Reputation: 151
I need to calculate the plane of array (POA) irradiance using python's pvlib package (https://pvlib-python.readthedocs.io/en/stable/). For this I would like to use the output data from the WRF model (GHI, DNI, DHI). The output data is in netCDF format, which I open using the netCDF4 package and then I extract the necessary variables using the wrf-python package.
With that I get a xarray.Dataset with the variables I will use. I then use the xarray.Dataset.to_dataframe() method to transform it into a pandas dataframe, and then I transform the dataframe into a numpy array using the dataframe.values. And then I do a loop where in each iteration I calculate the POA using the function irradiance.get_total_irradiance (https://pvlib-python.readthedocs.io/en/stable/auto_examples/plot_ghi_transposition.html) for a grid point.
That's the way I've been doing it so far, however I have over 160000 grid points in the WRF domain, the data is hourly and spans 365 days. This gives a very large amount of data. I believe if pvlib could work directly with xarray.dataset it could be faster. However, I could only do it this way, transforming the data into a numpy.array and looping through the rows. Could anyone tell me how I can optimize this calculation? Because the code I developed is very time-consuming.
If anyone can help me with this I would appreciate it. Maybe an improvement to the code, or another way to calculate the POA from the WRF data...
I'm providing the code I've built so far:
from pvlib import location
from pvlib import irradiance
import os
import matplotlib.pyplot as plt
import numpy as np
import pandas as pd
import xarray as xr
import netCDF4
import wrf
Getting WRF data
variaveis = ['T2',
'U10',
'V10',
'SWDDNI',
'SWDDIF',
'SWDOWN']
netcdf_data = netCDF4.Dataset('wrfout_d02_2003-11-01_00_00_00')
first = True
for v in variaveis:
var = wrf.getvar(netcdf_data, v, timeidx=wrf.ALL_TIMES)
if first:
met_data = var
first = False
else:
met_data = xr.merge([met_data, var])
met_data = xr.Dataset.reset_coords(met_data, ['XTIME'], drop=True)
met_data['T2'] = met_data['T2'] - 273.15
WS10 = (met_data['U10']**2 + met_data['V10']**2)**0.5
met_data['WS10'] = WS10
df = met_data[['SWDDIF',
'SWDDNI',
'SWDOWN',
'T2',
'WS10']].to_dataframe().reset_index().drop(columns=['south_north',
'west_east'])
df.rename(columns={'SWDOWN': 'ghi',
'SWDDNI':'dni',
'SWDDIF':'dhi',
'T2':'temp_air',
'WS10':'wind_speed',
'XLAT': 'lat',
'XLONG': 'lon',
'Time': 'time'}, inplace=True)
df.set_index(['time'], inplace=True)
df = df[df.ghi>0]
df.index = df.index.tz_localize('America/Recife')
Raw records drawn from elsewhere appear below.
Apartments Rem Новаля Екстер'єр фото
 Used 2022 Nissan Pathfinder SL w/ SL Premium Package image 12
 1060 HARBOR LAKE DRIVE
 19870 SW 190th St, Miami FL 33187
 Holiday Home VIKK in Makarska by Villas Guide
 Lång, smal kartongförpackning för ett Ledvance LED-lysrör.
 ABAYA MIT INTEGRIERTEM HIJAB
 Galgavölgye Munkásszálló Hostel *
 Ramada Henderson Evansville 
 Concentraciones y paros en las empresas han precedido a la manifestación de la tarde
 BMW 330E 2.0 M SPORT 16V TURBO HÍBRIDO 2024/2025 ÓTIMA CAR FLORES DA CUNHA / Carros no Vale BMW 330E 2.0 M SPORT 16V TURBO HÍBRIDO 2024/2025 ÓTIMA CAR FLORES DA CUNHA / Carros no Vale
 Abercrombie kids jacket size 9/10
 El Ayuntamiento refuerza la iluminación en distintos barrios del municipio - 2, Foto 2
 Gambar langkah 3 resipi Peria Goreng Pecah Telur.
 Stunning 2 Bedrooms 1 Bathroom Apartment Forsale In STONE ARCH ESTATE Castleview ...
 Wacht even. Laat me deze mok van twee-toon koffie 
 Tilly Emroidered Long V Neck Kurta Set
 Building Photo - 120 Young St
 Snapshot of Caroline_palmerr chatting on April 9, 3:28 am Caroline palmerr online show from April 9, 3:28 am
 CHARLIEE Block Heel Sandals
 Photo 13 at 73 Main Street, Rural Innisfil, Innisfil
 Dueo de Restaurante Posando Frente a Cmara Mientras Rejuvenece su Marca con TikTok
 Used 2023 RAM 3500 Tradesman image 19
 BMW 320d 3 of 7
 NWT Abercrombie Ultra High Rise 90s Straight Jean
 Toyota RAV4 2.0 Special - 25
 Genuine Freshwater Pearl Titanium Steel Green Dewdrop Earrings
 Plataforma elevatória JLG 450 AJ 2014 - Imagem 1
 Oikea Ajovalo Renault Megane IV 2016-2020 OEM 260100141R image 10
Function to get POA irradiance
def get_POA_irradiance(lon, lat, date, dni, dhi, ghi, tilt=10, surface_azimuth=0):
site_location = location.Location(lat, lon, tz='America/Recife')
# Get solar azimuth and zenith to pass to the transposition function
solar_position = site_location.get_solarposition(times=date)
# Use the get_total_irradiance function to transpose the GHI to POA
POA_irradiance = irradiance.get_total_irradiance(
surface_tilt = tilt,
surface_azimuth = surface_azimuth,
dni = dni,
ghi = ghi,
dhi = dhi,
solar_zenith = solar_position['apparent_zenith'],
solar_azimuth = solar_position['azimuth'])
# Return DataFrame with only GHI and POA
return pd.DataFrame({'lon': lon,
'lat': lat,
'GHI': ghi,
'POA': POA_irradiance['poa_global']}, index=[date])
Loop in each row (time) of the array
array = df.reset_index().values
list_poa = []
def loop_POA():
for i in tqdm(range(len(array) - 1)):
POA = get_POA_irradiance(lon=array[i,6],
lat=array[i,7],
dni=array[i,2],
dhi=array[i,1],
ghi=array[i,3],
date=str(array[i,0]))
list_poa.append(POA)
return list_poa
poa_final = pd.concat(lista)
Upvotes: 4
Views: 599
Reputation: 3411
Thanks both for a good question and for using pvlib! You're right that pvlib is intended for modeling single locations and is not designed for use with xarray datasets, although some functions might coincidentally work with them.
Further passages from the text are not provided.